Preferably, the step S1 specifically includes the following sub-steps:

s11, extracting feature points of the cover page image according to the cover page of the printed matter, performing hash transformation and sorting on the feature descriptors, and storing the feature descriptors in a cover page feature library;

s12, aiming at the content page of the printed matter, firstly dividing the content page image into a group of image blocks, wherein the dividing method comprises but is not limited to uniform division and selected area division, then extracting the feature points of the image blocks, and finally performing Hash transformation and sequencing on the feature descriptors and storing the Hash transformation and sequencing to the content page feature library.

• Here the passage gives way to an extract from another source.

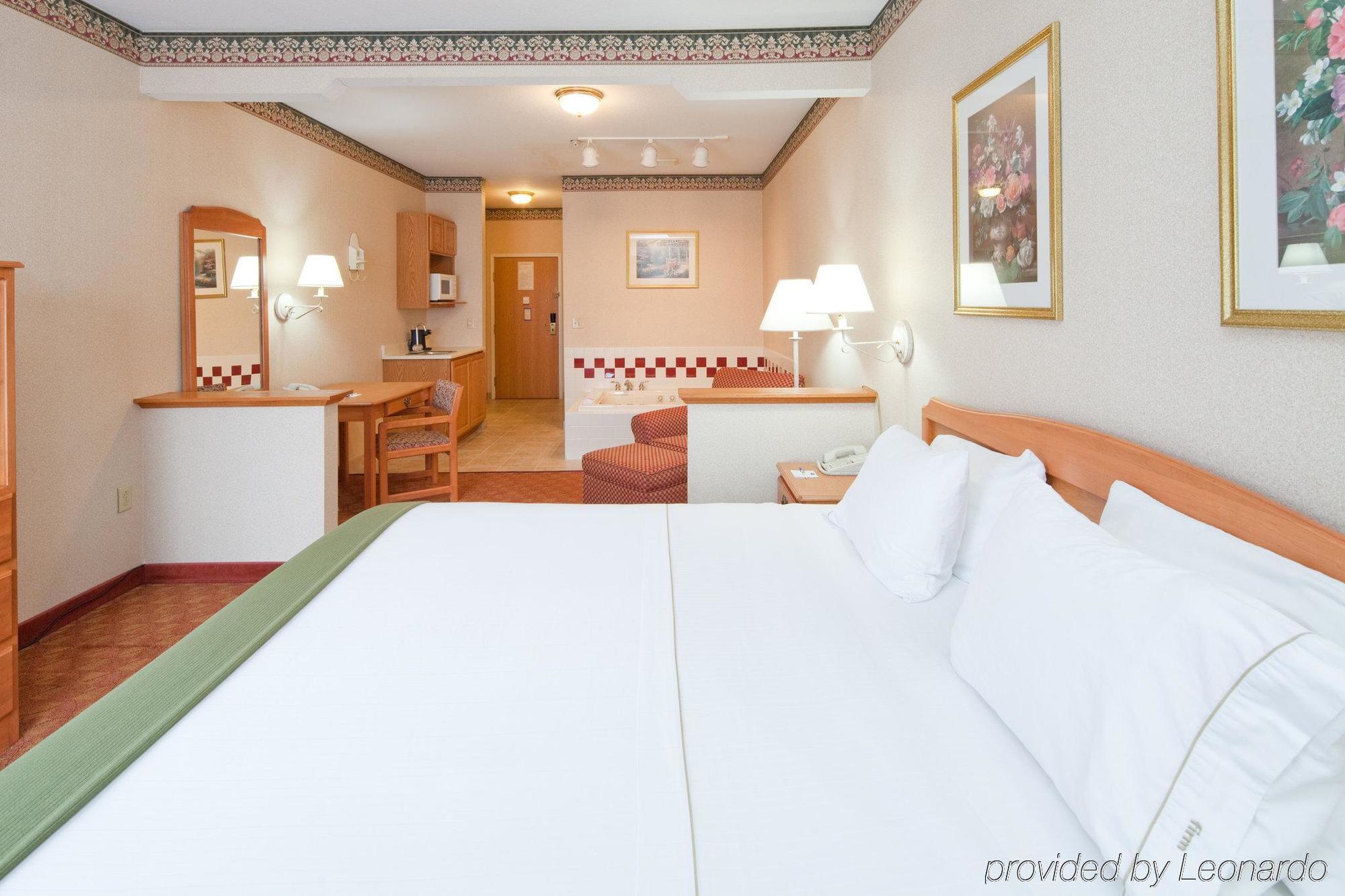 Holiday Inn Express Hotel & Suites Wauseon By Ihg Chambre photo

Preferably, the matching of the extracted feature points with the cover page feature library in the step S3 is specifically realized by the following method:

performing hash transformation and sorting on feature descriptors corresponding to the feature points extracted from the local image, then comparing the hash value with the hash value of the feature points stored in the cover page feature library, and if the distance is smaller than a preset first threshold value, determining that the pair of feature points are matched;

and counting the number of the matched feature points, and if the number of the matched feature points is greater than a preset second threshold value, determining that the local image is matched with the corresponding cover page image.

Preferably, the matching of the extracted feature points with the content page feature library in the step S5 is specifically realized by the following method:

performing hash transformation and sorting on feature descriptors corresponding to the feature points extracted from the regional image, then comparing the hash value with the hash value of the feature points stored in a content page feature library, and if the distance is smaller than a preset first threshold value, determining that the pair of feature points are matched;

and counting the number of the matched feature points, and if the number of the matched feature points is greater than a preset second threshold, determining that the area image is matched with the corresponding image block.

Preferably, the hash transformation uses a locality sensitive hash function to map the multidimensional characteristics into a single value, and it is satisfied that a point pair with a far distance in the multidimensional space has a large value difference after mapping, and a point pair with a near distance has a small value difference after mapping.

The technical scheme has the remarkable characteristics that in the using process, direct physical contact is not generated between the reading pen and a printed matter, and the distance between the reading pen and the printed matter is variable. The illumination prompting component generates an indicating light point or light spot which can be identified by human eyes on the printed matter by using illumination in the using process, and plays a role in indicating the region of interest selected by a user.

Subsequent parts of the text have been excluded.